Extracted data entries
= Beginning of Section =

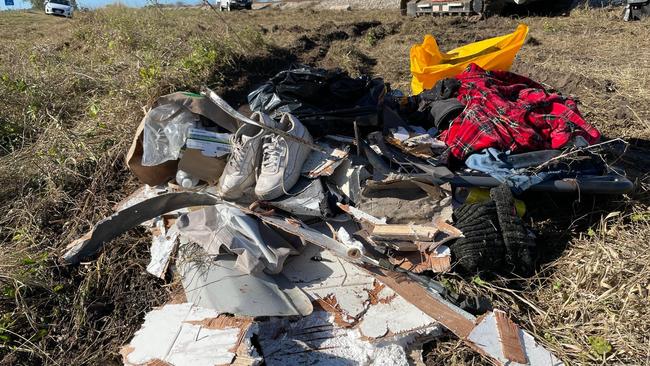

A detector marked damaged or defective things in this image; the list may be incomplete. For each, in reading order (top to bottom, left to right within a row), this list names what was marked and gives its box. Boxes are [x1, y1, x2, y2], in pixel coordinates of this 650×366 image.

broken drywall piece [146, 217, 178, 278]
broken drywall piece [121, 304, 258, 366]
broken drywall piece [466, 312, 560, 366]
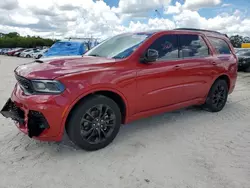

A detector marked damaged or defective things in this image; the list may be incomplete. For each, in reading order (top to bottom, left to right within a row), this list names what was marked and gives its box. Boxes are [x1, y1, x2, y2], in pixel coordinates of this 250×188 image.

= End of Section =

### WHAT TO DO:
Excluding the pictures, reproduce every entry exactly as given.

### COMPLETED EXERCISE:
A detector marked damaged or defective things in this image; the list may be incomplete. For each, in reading order (top to bottom, left to right within a row), this list names what was marked and gives its box. Boxes are [x1, y1, x2, y2], in pixel coordinates of this 650×366 image.

broken drywall piece [146, 217, 178, 278]
broken drywall piece [121, 304, 258, 366]
broken drywall piece [466, 312, 560, 366]

A detector marked damaged or defective things in this image; the list may be incomplete. For each, in reading order (top to bottom, left to right within a row), this list names what was marked and gives its box. Boxes are [x1, y1, x2, y2], in pixel coordinates of this 250×188 image.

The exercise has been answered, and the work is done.